I think, looking at IPCC stuff, that you may be thinking of the IPCC's estimate that 70-90% of the tropical reefs will be wiped out even at 1.5% climate change. This certainly has diverse negative impacts to regions adjacent to those reefs, due to their role in dampening waves, in tourism, and so on, but I get that there's a sense that tropical reefs are systems somewhat isolated from the greater ocean biosphere, i.e. their vanishing doesn't necessarily mean... I don't know, plankton are going to disappear or whatever.

No, wasn't thinking of that, though after reflecting on it I think I've probably conflated other issues into the 2c 70 to 90% insect loss. Habitat loss, agricultural practices, pesticides, mean temperature, etc.
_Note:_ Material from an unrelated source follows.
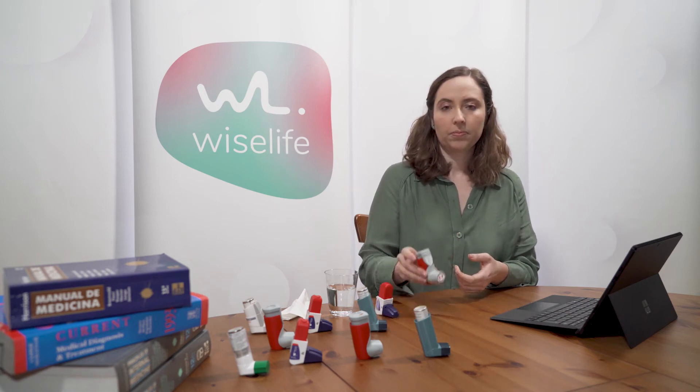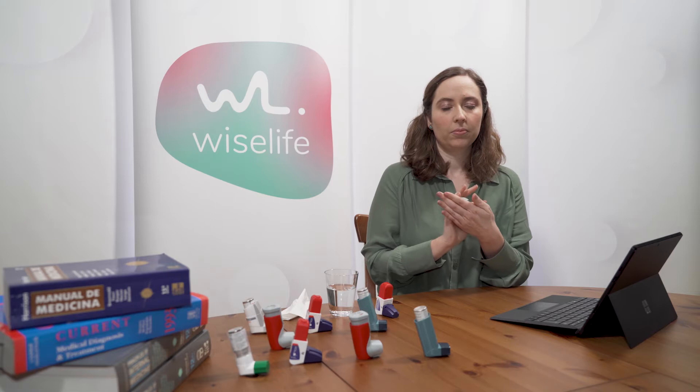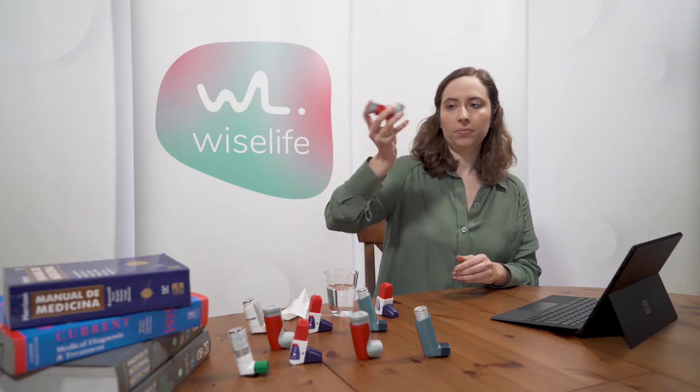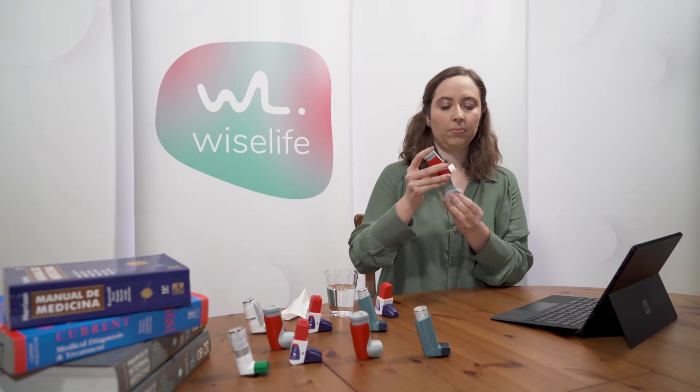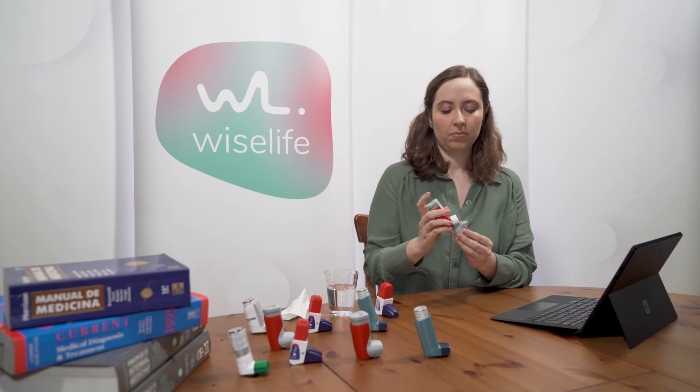When using the Rappi Ailer for the first time, you will have to prepare it. You should also do so if you drop the device or if it has not been used for more than seven days. Warm up the device to body temperature and shake it for five seconds. Remove the cover and press the counter to waste one dose. Wait ten seconds and press it again to waste a second dose. Your device is now ready to use.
I'm prepared to take the L on that [not yet, mind] but:

 

20 minutes ago, Ran said:

The quote from earlier cites a climate scientist speaking directly about the fact that most climate scientists aren't seeing doomsday scenarios in the range covered by the IPCC. If you want to believe that the IPCC is wildly wrong, you'll have to provide some credible sources

Keywords were verbatim, and watered down

I'll be digging into this because you're stubborn as fuck [don't get bent because we disagree or I laugh-reacted at your post, I respect your mind] but I can't do that right now. I got 4 girls coming over in less than an hour and a drastic change to my environment like that needs to be considered and prepared for. :p

Hopefully Rip doesn't wade in during the interim.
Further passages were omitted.